Auch betagte, gebrechliche, aber geistig fitte Menschen sind nicht immer glücklich, wenn sie zu Hause gepflegt werden. Sie fühlen sich tagsüber einsam, die Zeit wird ihnen lang, während Sohn oder Tochter arbeiten. Manche rufen leicht verzweifelt mehrmals täglich im Büro an, was ein effizientes Arbeiten unmöglich macht, auch wenn es natürlich ohne böse Absicht geschieht. In solchen Fällen bietet sich ebenfalls eine tage- oder stundenweise Betreuung ausser Haus an, die alle Beteiligten entlastet.

Verständnisvolle Arbeitgeber sind gefragt

Wer private Pflege und Beruf organisieren muss, kann sich glücklich schätzen, wenn er einen rücksichtsvollen Chef hat.
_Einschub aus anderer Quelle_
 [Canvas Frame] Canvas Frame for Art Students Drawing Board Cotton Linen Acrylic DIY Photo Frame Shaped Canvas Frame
Einige Unternehmen bieten ihren Mitarbeitern flexible Arbeitszeitmodelle oder eine vorübergehende Verringerung der Wochenstunden an. Das ist natürlich Gold wert, vor allem wenn der Pflegefall unerwartet eintrat.

Viele Arbeitgeber denken in dieser Hinsicht langsam um. Mit Verständnis und Fairness können sie gute Mitarbeiter im Unternehmen halten. Und der Arbeitnehmer muss keinen Lohnverzicht hinnehmen, kann sich ausreichend um den Angehörigen kümmern und ist trotzdem motiviert bei seiner Arbeit.



Wichtigste Voraussetzung, um mit dem Vorgesetzten eine gute Lösung zu finden: frühzeitig das Gespräch suchen und offen über die Situation berichten. Das gilt auch für das Verhalten gegenüber den anderen Mitarbeitern. Wenn sie wissen, warum der Kollege so oft früher gehen muss, werden sie viel eher mit Verständnis reagieren.